BACKGROUND: Lactate accumulation exacerbates the severity of sepsis-associated acute kidney injury (SA-AKI), although the mechanism remains unclear. Since pyroptosis contributes to renal tubular epithelial cell (RTEC) death during SA-AKI, this study explores whether lactate exacerbates pathogenesis by promoting RTEC pyroptosis. METHODS: The clinical correlation between lactate and SA-AKI was examined using the Medical Information Mart for Intensive Care IV (MIMIC-IV) database and patient samples. Lactate's role in RTEC pyroptosis was evaluated in lipopolysaccharide (LPS)-exposed HK-2 cells and in cecal ligation and puncture (CLP)-induced mice. Cross-analyzing bioinformatics and RNA-seq data from LPS/lactate-exposed HK-2 cells revealed pyroptosis genes associated with SA-AKI. Molecular mechanisms were explored via Western blot, ELISA, mitochondrial function assays, chromatin immunoprecipitation (ChIP), and co-immunoprecipitation (co-IP). High-throughput drugs screening was conducted to identify candidates acting on the Sphingosine kinase 1(SPHK1)/Sirtuin 1(SIRT1) axis, which were validated in vitro and in vivo. RESULTS: Lactate aggravated SA-AKI by promoting RTEC pyroptosis. Bioinformatic and functional studies identified SPHK1 as the key mediator. Both SPHK1 knockdown and its inhibitor PF-543 alleviated lactate-augmented pyroptosis.
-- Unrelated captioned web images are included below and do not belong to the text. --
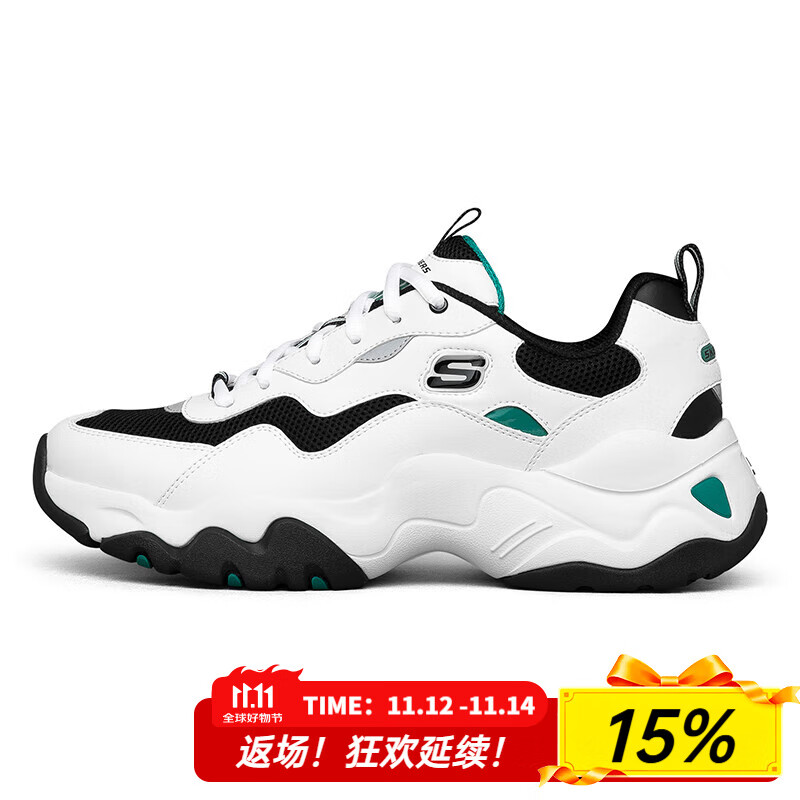 斯凯奇（Skechers）男鞋夏季2025新款熊猫鞋轻便休闲鞋厚底增高老爹鞋网面透气运动鞋 白色/绿色-WGRN 39.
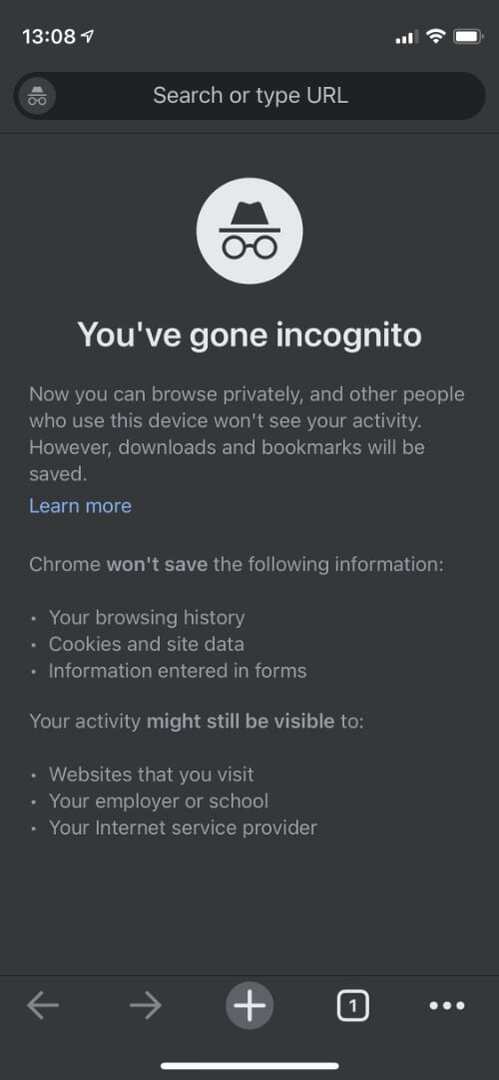 Finestra di navigazione in incognito in Google Chrome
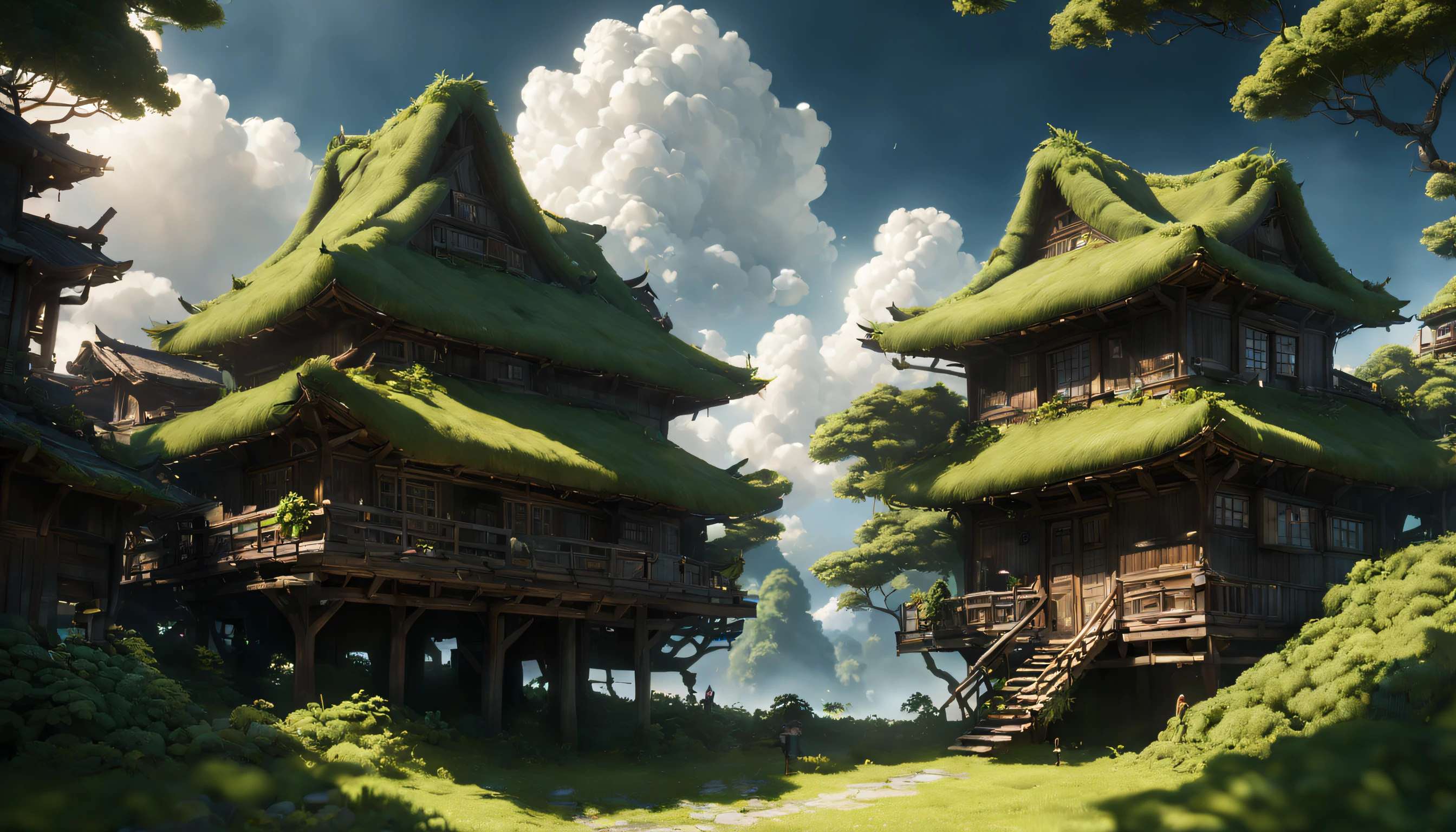 (An island floating in the sky:1.6),(Countless cities floating in the sky:1.6),(Fantasy painting:1.3)A city in the clouds,thatched hut,Miyazaki painting style,Makoto Shinkai painting style,Countless white clouds,Flying humans,((best qualtiy)),((tmasterpiece)),(The is very detailed:1.3), 3D, ,HDR(HighDynamicRange),Ray traching,NVIDIA RTX,Hyper-Resolution,Unreal 5,sub surface scattering,PBR textures,Post-processing,Anisotropic filtering,depth of fields,Maximum clarity and sharpness,Many-Layer Textures,Albedo e mapas Speculares,Surface Coloring,Accurately simulate light-material interactions,perfectly proportions,rendering by octane,twotonelighting,Low ISO,White balance,trichotomy,Wide aperture,8K RAW,High-Efficiency Sub-Pixel,sub-pixel convolution,Luminous Particle,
Drug screening identified nicotinamide adenine dinucleotide (NAD(+)), which simultaneously suppressed SPHK1 expression and the RTEC injury marker kidney injury molecule-1 (KIM-1). Combining NAD(+) and PF-543 synergistically attenuated SA-AKI. Sepsis-induced lactate accumulation promoted P300-mediated histone H3 lysine 18 lactylation (H3K18la) at the SPHK1 promoter, epigenetically enhancing its transcription. SPHK1 then phosphorylated and degraded SIRT1, inducing peroxisome proliferator-activated receptor gamma co-activator 1α (PGC-1α) hyperacetylation, thereby impairing SIRT1/PGC-1α signaling and triggering NOD-like receptor family pyrin domain containing 3 (NLRP3) inflammasome-driven pyroptosis. Reciprocally, SIRT1 acted as a delactylase delactylase to reduce H3K18la and inhibit SPHK1 transcription, forming a SPHK1-SIRT1 negative feedback loop. CONCLUSIONS: The study identifies an H3K18la-mediated SPHK1-SIRT1 axis as a key factor of RTEC pyroptosis in SA-AKI. The combined pharmacological strategy of NAD(+) supplementation and SPHK1 inhibition represents a promising therapeutic strategy for SA-AKI.